Пример из траурной речи Гофмана фон Гофмансвальдау показывает, как взаимодействуют мысль и эмблематический образ, — мысль, решившаяся положиться на такой образ с его устройством, и образ, который ведет мысль своими проторенными путями и направляет ее. Как кажется, характер зримости, какой предполагается эмблемой, проясняется здесь весьма конкретно, а также становится очевидной и та высокая степень сознательности, с которой приступает поэт к созданию-воссозданию эмблемы. Он берет эмблему как готовый «жанр», приспособляет уже готовый изобразительный сюжет к своим целям и затем, насколько можно судить, следует этому сюжету в его возможностях.
Такое поэтическое мышление посредством готовой эмблемы, которая затем со-мыслится в соответствии с тем, что заложено в ней, отличается от такого мышления, которое создает в тексте нечто эмблематическое.
Об одном сонете А.Грифиуса — «К миру» — М.Виндфур писал следующее: «В сонете “К миру” остается только поместить вместо двух катренов рисунок, изображающий истерзанный бурями корабль, входящий в спасительную гавань на фоне грозного моря.

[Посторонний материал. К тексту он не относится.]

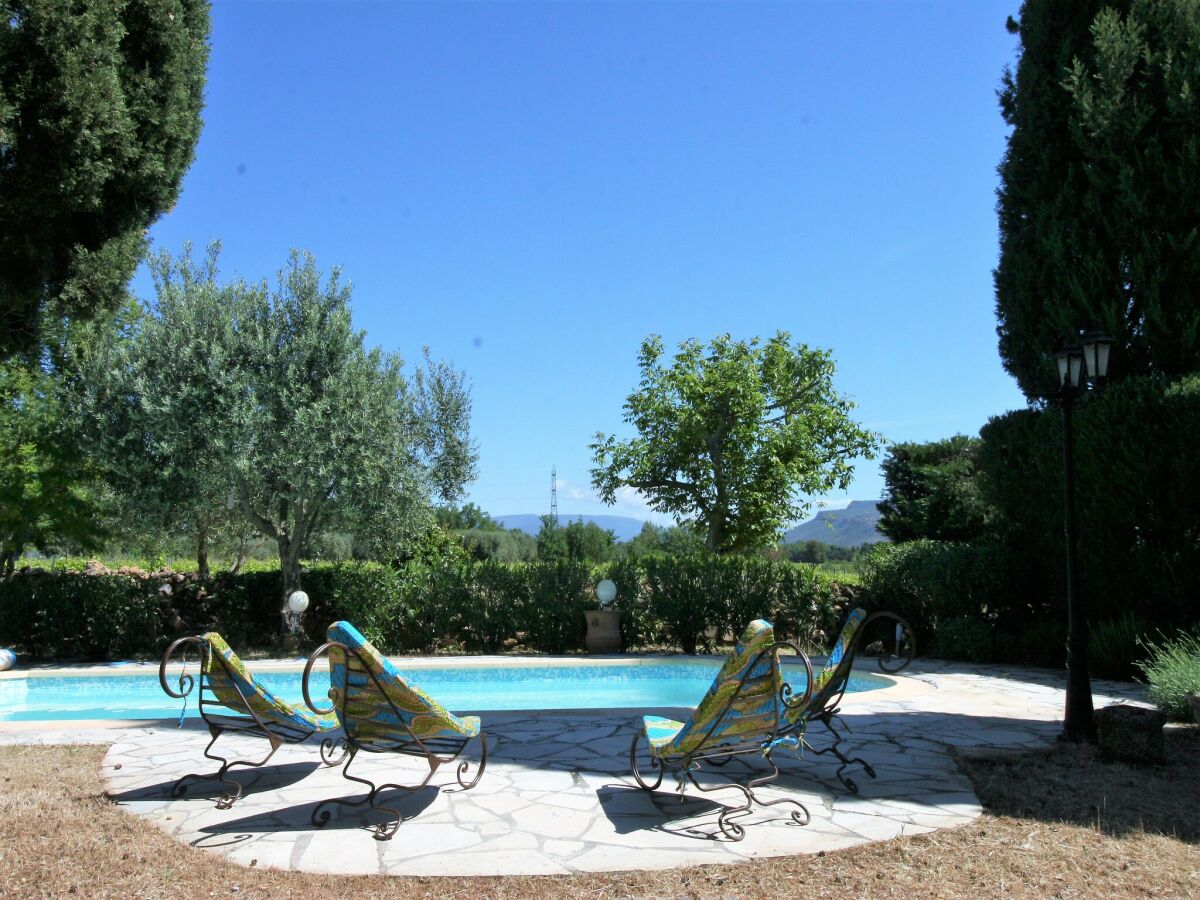 Villa Private Pool in Provence - Outdoor photo 2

Надпись и терцеты можно сохранить, чуть заострив их. И наоборот, эмблема без больших трудов полностью претворяется в литературу» (Винд-фур, 1966, 95–96).
Вот этот сонет Грифиуса в близком к оригиналу условном переводе: «Мой испытавший немало бурь корабль, игрушка мрачных ветров, мяч среди дерзких волн, почти разорванный потоком, — он, пролетев от скалы к скале сквозь пену и песок, до времени прибывает в гавань, желанную моей душе. '
Нередко, когда среди ясного полдня нас настигала черная ночь и быстролетная молния дотла сжигала паруса, — как часто терял я направление и путал север с югом! Как износились бушприт, мачта, руль, шверт и киль!
Сходи на землю, дух усталый, сходи! Мы прибыли. Что, страшит тебя гавань? — ныне освободишься от всех уз, от страха, от мучительной тоски, от нестерпимой боли.
Прощай, проклятый мир, о море, полное неукротимых бурь! Здравствуй, родина, блюдущая неизменный покой под защитой и охраной и в мире, ты, вечно светлый дворец!» (Грифиус, 1968, 9—10).